Set down the whole listing below exactly. The pictures stay out.

↓↓↓

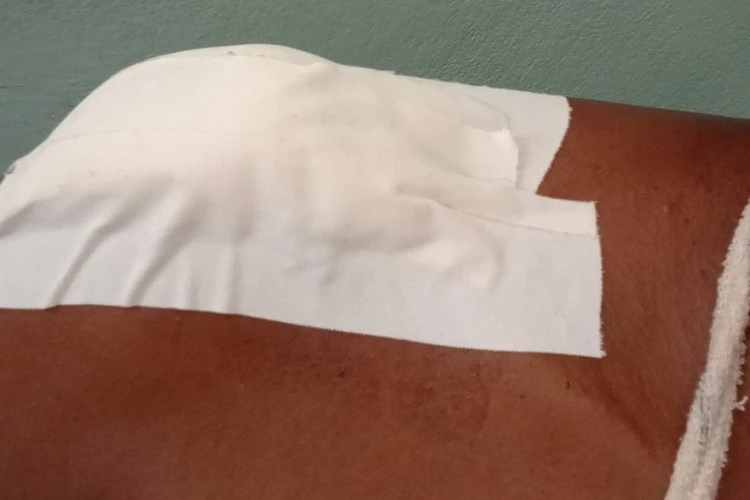 Guanambi: 'Sem profissional para um simples curativo', diz paciente sobre UPA 24h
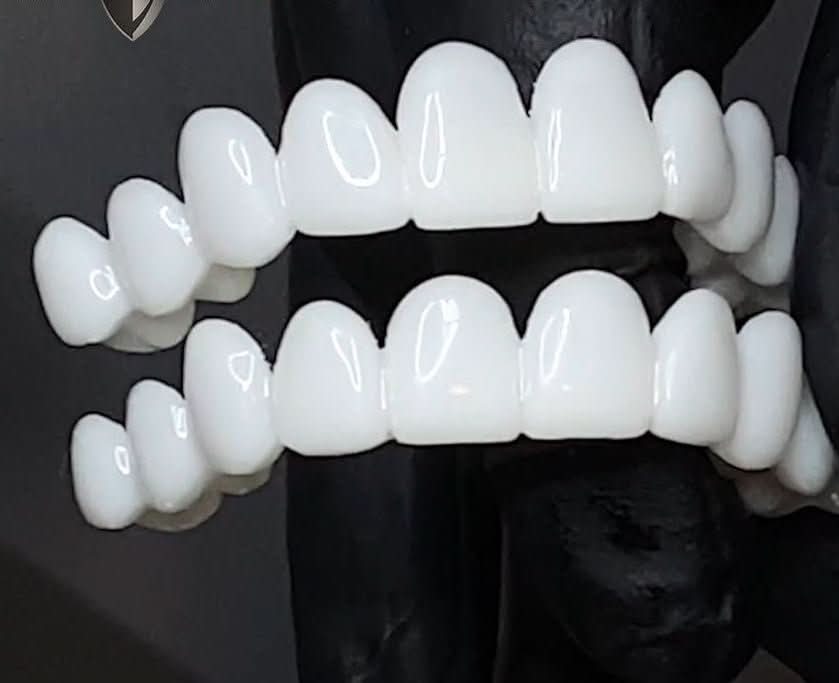SmileFlex Dental Prosthesis With White Veneers For A Subtle, Lifelike Smile And Natural Look | Lersk
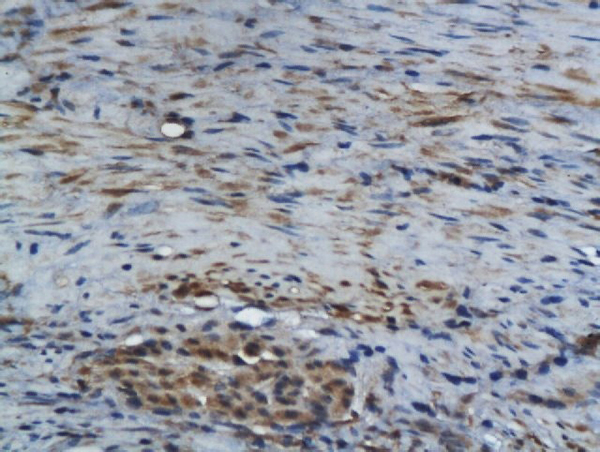 Formalin-fixed and paraffin embedded human colon carcinoma labeled with Rabbit Anti GM-CSF Polyclonal Antibody, Unconjugated (bs-3790R) at 1:200 followed by conjugation to the secondary antibody and DAB staining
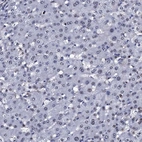 Immunohistochemical staining of human liver shows no positivity in hepatocytes as expected.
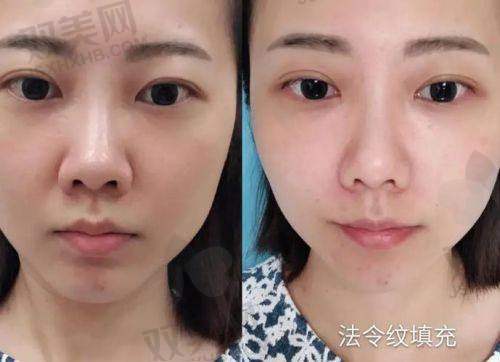 【南宁爱思特医疗美容医院是正规的吗】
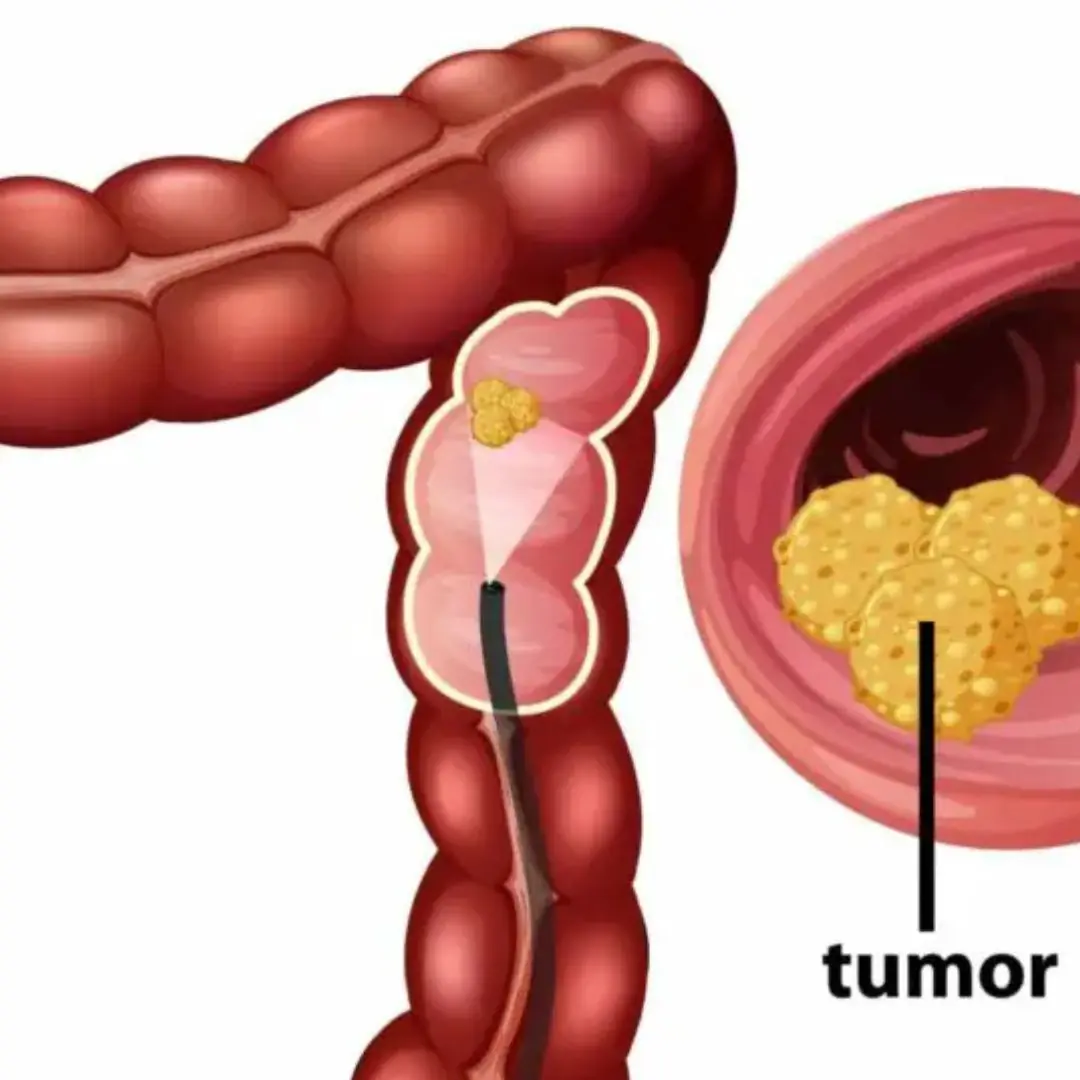 She Spotted These 5 Colon Ca.nc.er Symptoms Early — Here’s What You Should Watch For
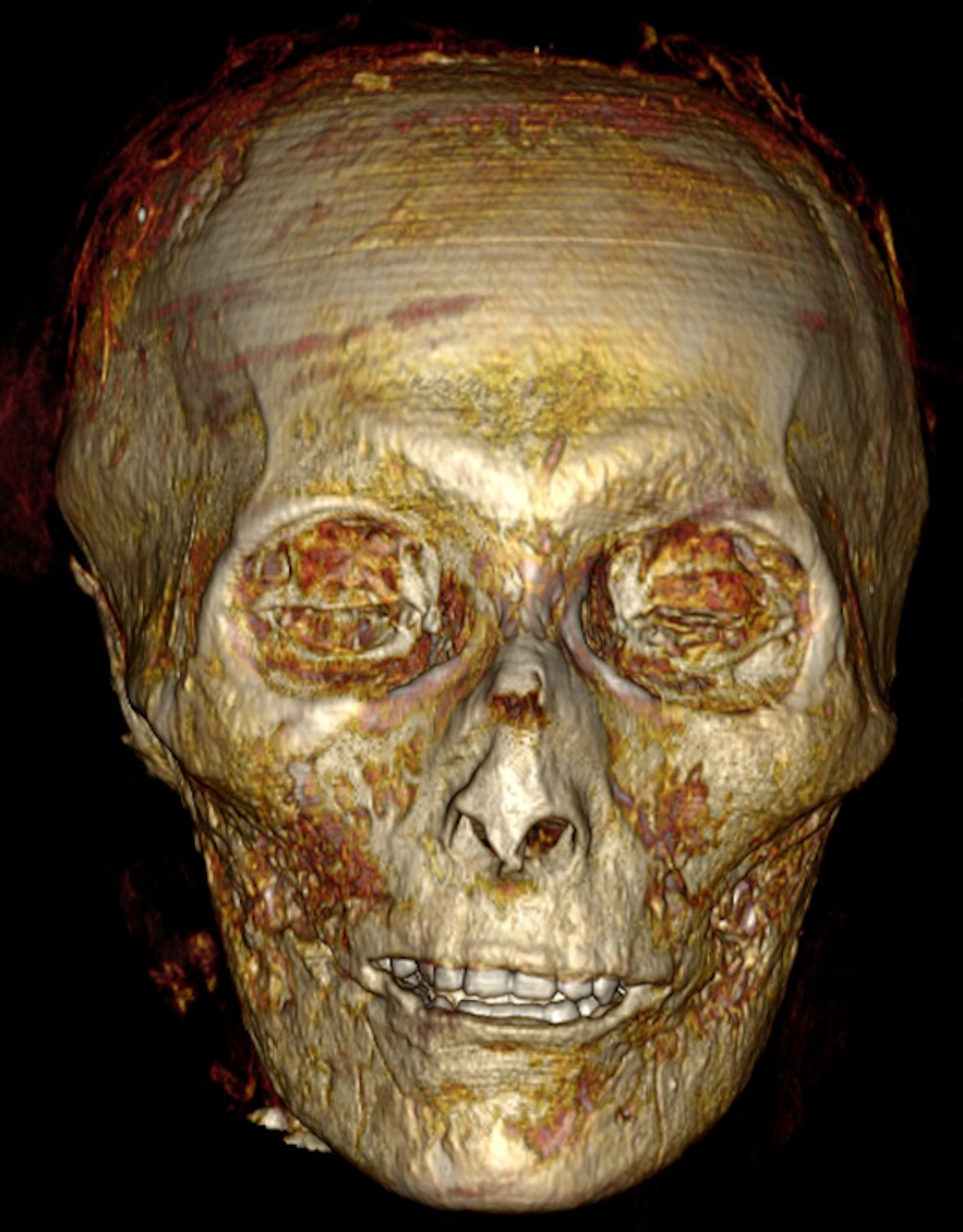 A picture shows the pharoah's skull shown by CT tomography inside its bandages.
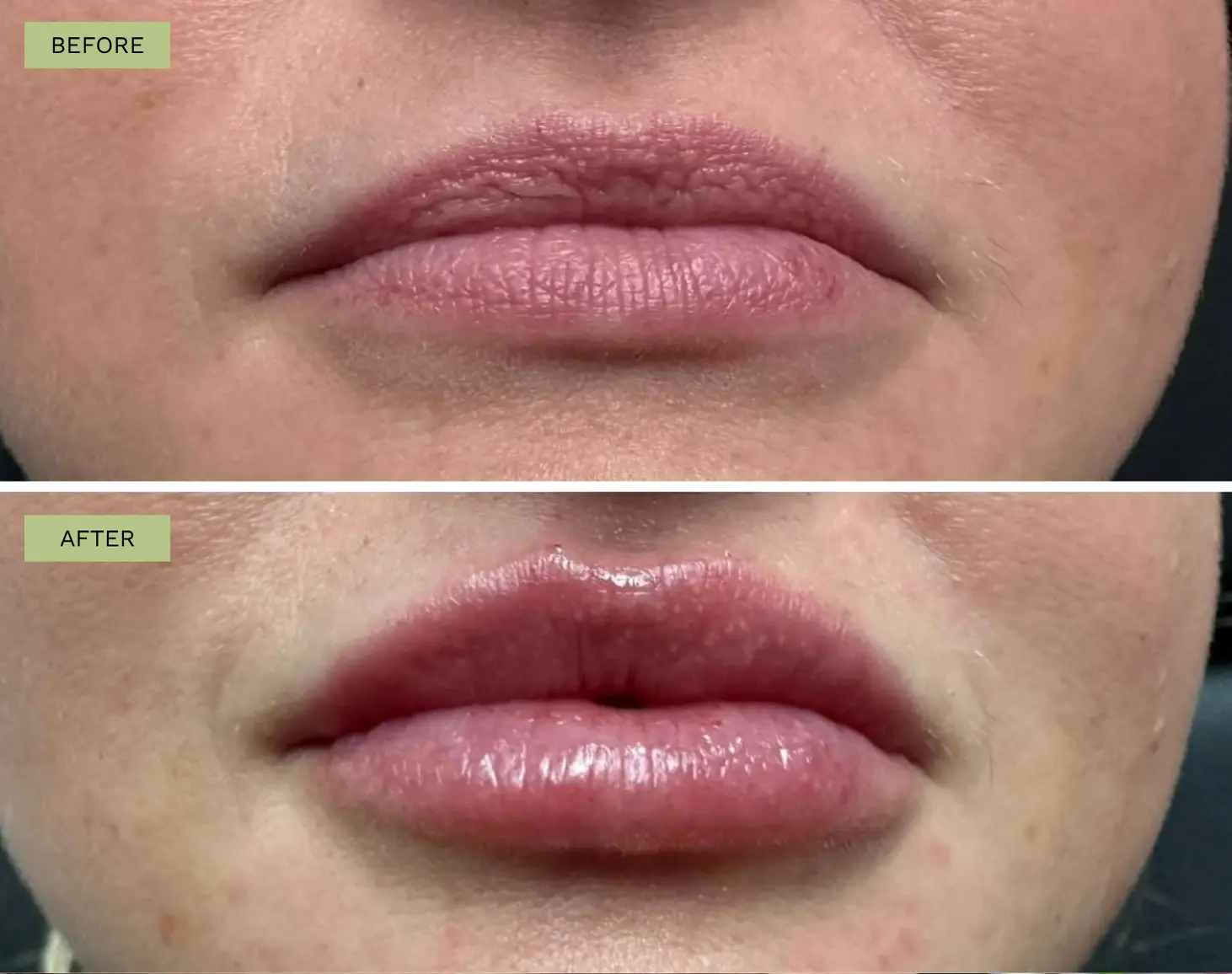 Elite Lips Filler with Juvederm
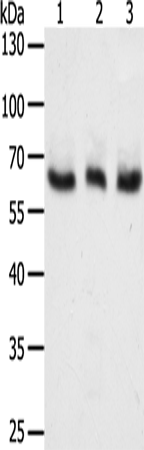 Western Blot analysis of A375, Hela and Jurkat cell using TYR Polyclonal Antibody at dilution of 1:400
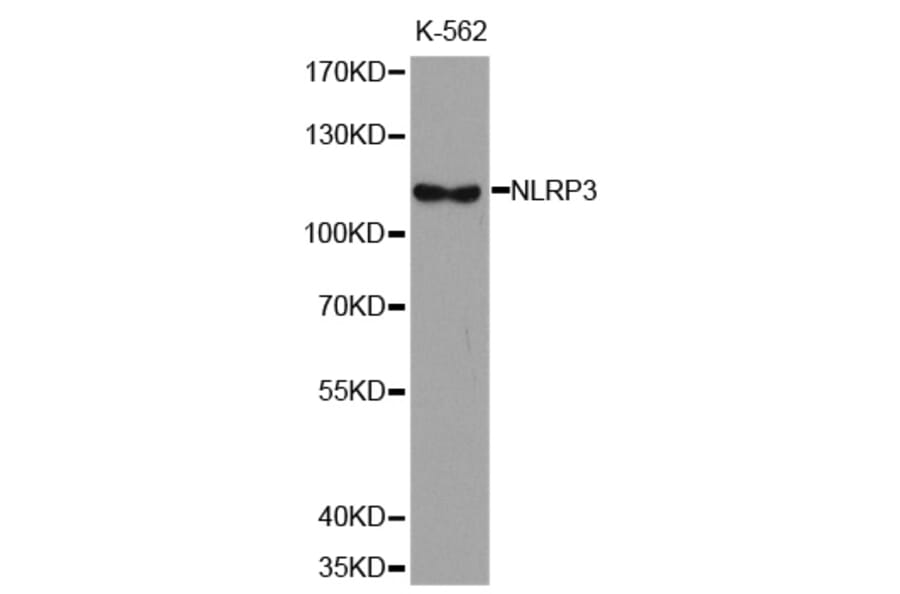 Western blot - NLRP3 antibody from Signalway Antibody (38679) - Antibodies.com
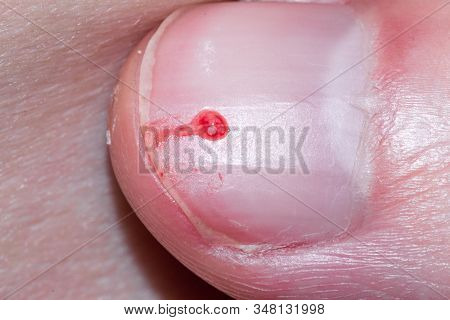 Squeezed Pimple With Blood On The Nail.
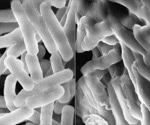 AI-Designed Synthetic Polymers Mimic Natural Peptides to Beat Superbug Resistance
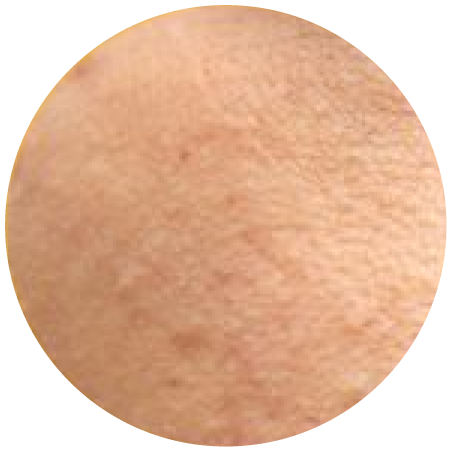 Lumina-Medspa-skin-3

↑↑↑

EXERCISE RESPONSE:
 Guanambi: 'Sem profissional para um simples curativo', diz paciente sobre UPA 24h
SmileFlex Dental Prosthesis With White Veneers For A Subtle, Lifelike Smile And Natural Look | Lersk
 Formalin-fixed and paraffin embedded human colon carcinoma labeled with Rabbit Anti GM-CSF Polyclonal Antibody, Unconjugated (bs-3790R) at 1:200 followed by conjugation to the secondary antibody and DAB staining
 Immunohistochemical staining of human liver shows no positivity in hepatocytes as expected.
 【南宁爱思特医疗美容医院是正规的吗】
 She Spotted These 5 Colon Ca.nc.er Symptoms Early — Here’s What You Should Watch For
 A picture shows the pharoah's skull shown by CT tomography inside its bandages.
 Elite Lips Filler with Juvederm
 Western Blot analysis of A375, Hela and Jurkat cell using TYR Polyclonal Antibody at dilution of 1:400
 Western blot - NLRP3 antibody from Signalway Antibody (38679) - Antibodies.com
 Squeezed Pimple With Blood On The Nail.
 AI-Designed Synthetic Polymers Mimic Natural Peptides to Beat Superbug Resistance
 Lumina-Medspa-skin-3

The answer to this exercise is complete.